**Instructions to follow:** Restate every line below word for word, but drop each picture.

**Data for this exercise:**
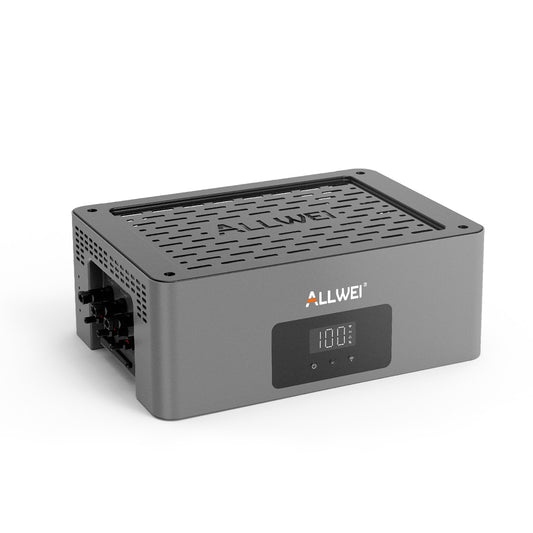 ALLWEI BM1600Pro Balkonkraftwerk,Save up to €2232 on your electricity bill every year.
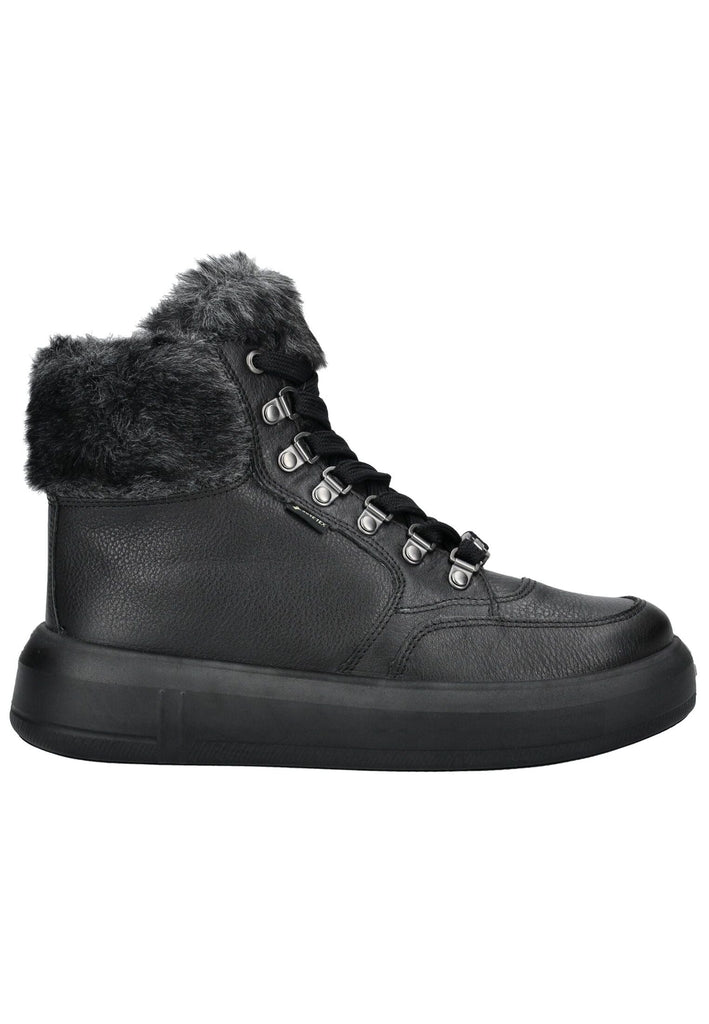 Legero Stiefelette Nappaleder Schwarz Warmfutter
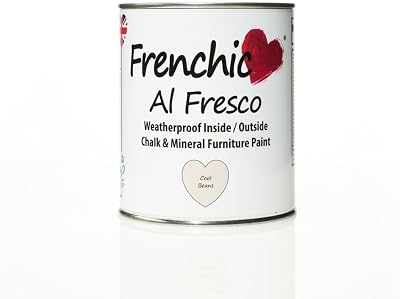 Frenchic Al Fresco Cool Beans Chalk Paint 750ml Inside Outside Range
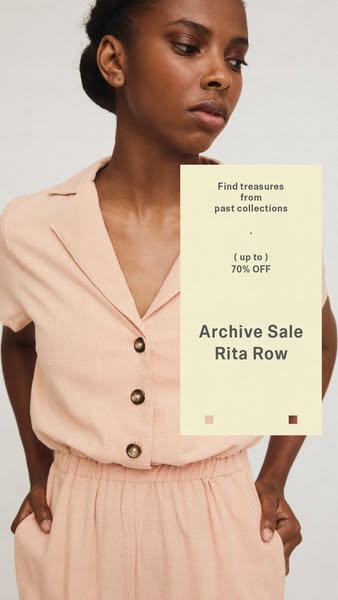 Archive Sale | Rita Row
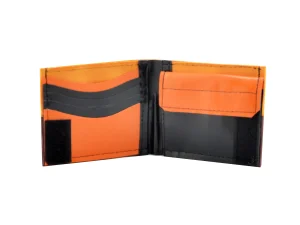 SEAT BELT CARD WALLET upcycled backpack recycled sustainable bags 32ab Rebago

**Response box:**
 ALLWEI BM1600Pro Balkonkraftwerk,Save up to €2232 on your electricity bill every year.
 Legero Stiefelette Nappaleder Schwarz Warmfutter
 Frenchic Al Fresco Cool Beans Chalk Paint 750ml Inside Outside Range
 Archive Sale | Rita Row
 SEAT BELT CARD WALLET upcycled backpack recycled sustainable bags 32ab Rebago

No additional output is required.